Question

A discriminant of -17 indicates what type of roots?

Answer 1

-17 has imaginary roots

Step-by-step explanation:

A discriminant of -17 indicates Imaginary (non-real) roots.

The discriminant of a polynomial equation is a value computed from the coefficients which helps us determine the type of roots it has - specifically whether they are real or non-real and distinct or repeated.

The discriminant indicated normally by Δ , is a part of the quadratic formula used to solve second degree equations.

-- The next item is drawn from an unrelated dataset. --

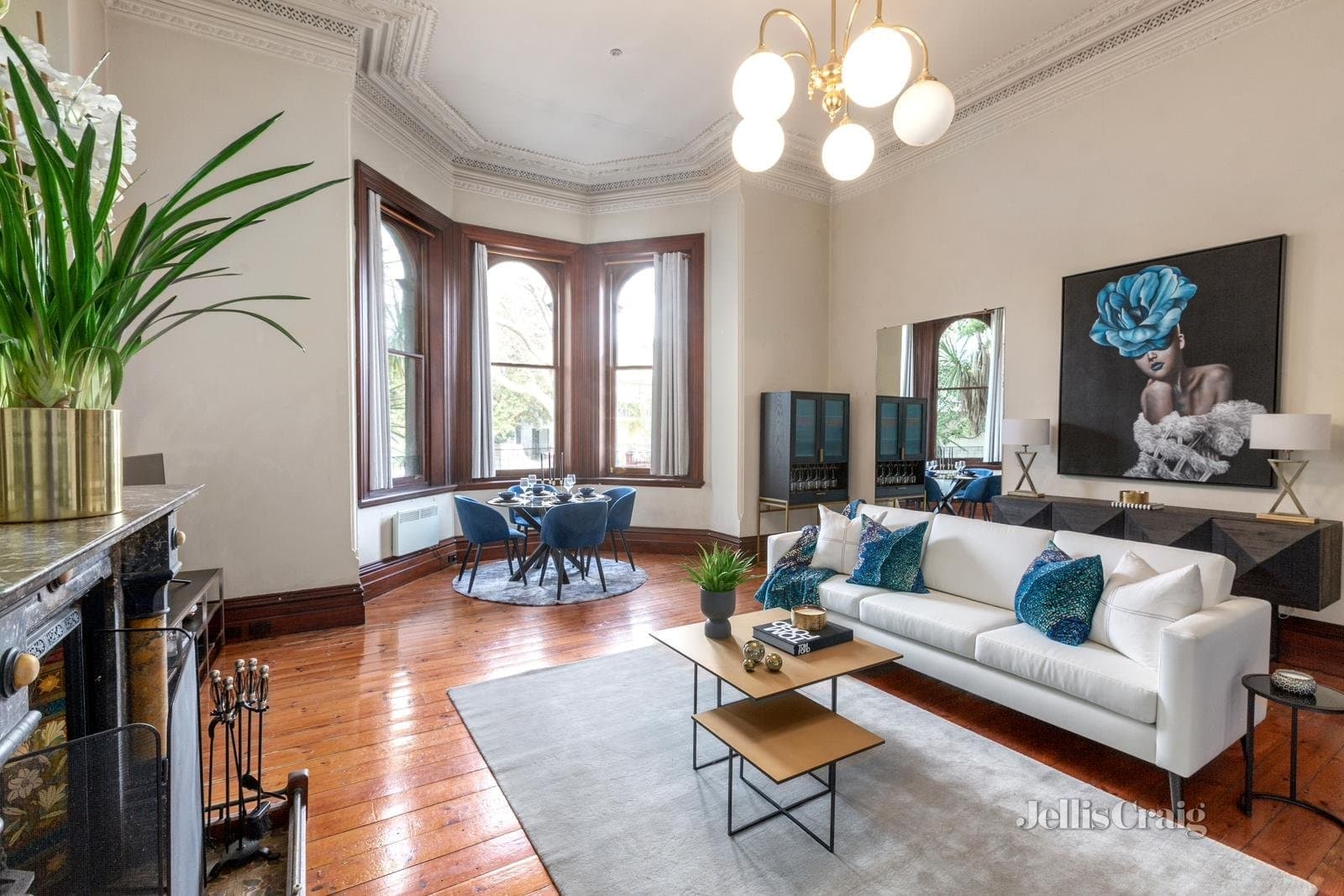 7/17 Byrne Avenue, Elwood, Elwood - Thumbnail 4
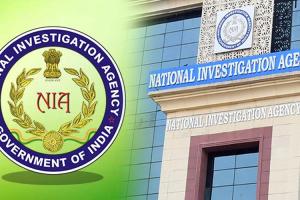 ଭୁବନେଶ୍ୱର ବୋମା ବିସ୍ଫୋରଣ ଘଟଣାର ତଦନ୍ତ କରିବ NIA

Given a second degree equation in the general form:

a x² + bx + c = 0

The discriminant is:

Δ = b ² - 4ac

The discriminant can be used to characterize the solutions of the equation as:

1) Δ > 0 - two separate real solutions;

2) Δ = 0 - two coincident real solutions (or one repeated root);

3) Δ < 0 - no real solutions.

Answer 2

According to question D = -17 , i.e. D<0 . So , it's roots will be imaginary or complex roots !

Step-by-step explanation:

Here we need to tell , A discriminant of -17 indicates what type of roots . Let's find out:

For a general quadratic equation in form of
`f(x) = ax^2+bx+c` , Discriminant is given by :

⇒
`D = b^2-4ac`

We have following 3 cases for discriminant as :

D>0

When discriminant is greater then zero we can say that , function has 2 roots which are distinct !

D=0

When discriminant is equal to zero , we can say that function has only one root !

D<0

When discriminant is less than zero we can say that the function has imaginary root or complex roots in form of
`a \pm ib` .

According to question D = -17 , i.e. D<0 . So , it's roots will be imaginary or complex roots !